寰枢椎不稳 地图集(解剖学) 医学 卡钳 椎动脉 寰枢关节 拱门 固定(群体遗传学) 解剖 侧块 口腔正畸科 外科 颈椎 颈椎 人口 土木工程 环境卫生 工程类 物理 光学
作者
Mingsheng Tan,Huimin Wang,Yunting Wang,Guangbo Zhang,Ping Yi,Zirong Li,Wei Hongyu,Feng Yang
出处
期刊:Spine [Lippincott Williams & Wilkins]
卷期号:28 (9): 888-895 被引量:187
标识
DOI:10.1097/01.brs.0000058719.48596.cc
摘要

Study Design. This study is a result of manual and radiologic measurements of 50 isolated anatomic specimens of C1 and five patients of atlantoaxial instability treated by screw fixation via posterior arch and lateral mass. Objectives. To investigate the feasibility of screw placement via posterior arch and lateral mass in atlas. Summary of Background Data. Several types of posterior approaches have been adopted for stabilization and fusion of atlantoaxial complex. Before this study, Gallie in 1939 gave a report on a posterior wiring technique that depended on a structural bone graft. Since then, double-looped wiring with two bone grafts and Halifax clamp technique had been introduced. A transarticular screw fixation technique was introduced by Magerl and Seeman in 1987, and a C1 lateral mass screw fixation technique was described by Harms in 2001. However, the feasibility of screw fixation in atlas via posterior arch and lateral mass has not been addressed until now. Methods. Fifty dry samples of atlas were measured manually and radiologically with vernier calipers, protractors, and CT. The parameters of posterior arch, lateral mass, vertebral artery groove, axis length of screw path via posterior arch and lateral mass, the entry point, and screw direction were measured.

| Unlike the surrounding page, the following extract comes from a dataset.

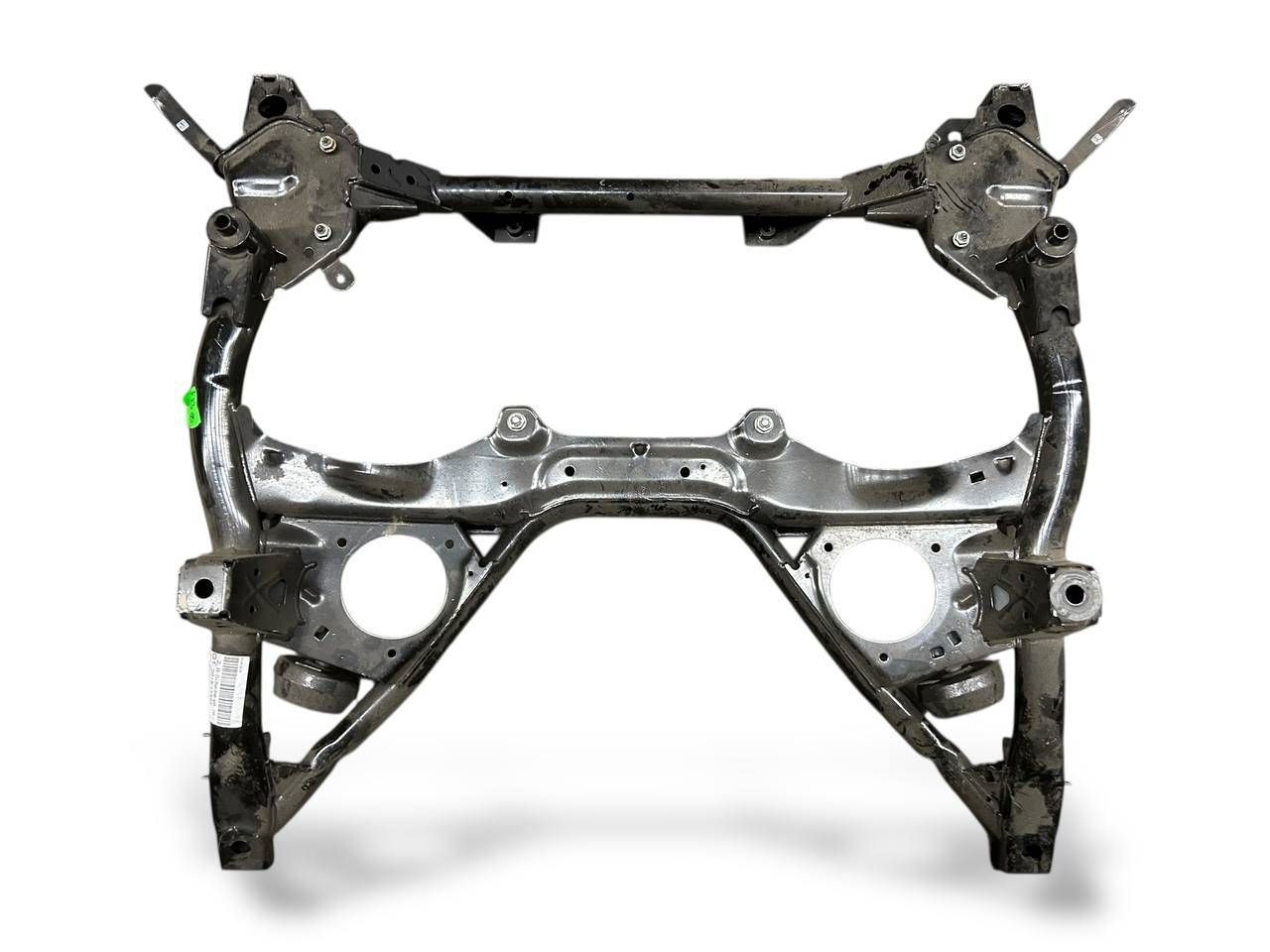 BMW 3 (F30 / F31) Front subframe BMW 3 SERIES Front subframe OEM 31106866983

Pa...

Five patients of atlantoaxial instability were treated with this technique and the radiographs and CT scans were evaluated after surgery. Results. The longest trajectory distance of the screw path was about 30 mm. The outer thickness at the thinnest part of groove was 4.58 mm, and it was found to be <4 mm in four cases (8%). The entry point is 18–20 mm lateral to the midline and 2 mm superior to the inferior border of posterior arch. The direction of screw placement is perpendicular to the coronal plane and about 5° cephalad to the transverse plane. Ten screws via posterior arch and lateral mass were placed properly, without incidence of nerve or blood vessel injury in clinical practice. Conclusion. Atlas is capable for screw fixation via its posterior arch and lateral mass.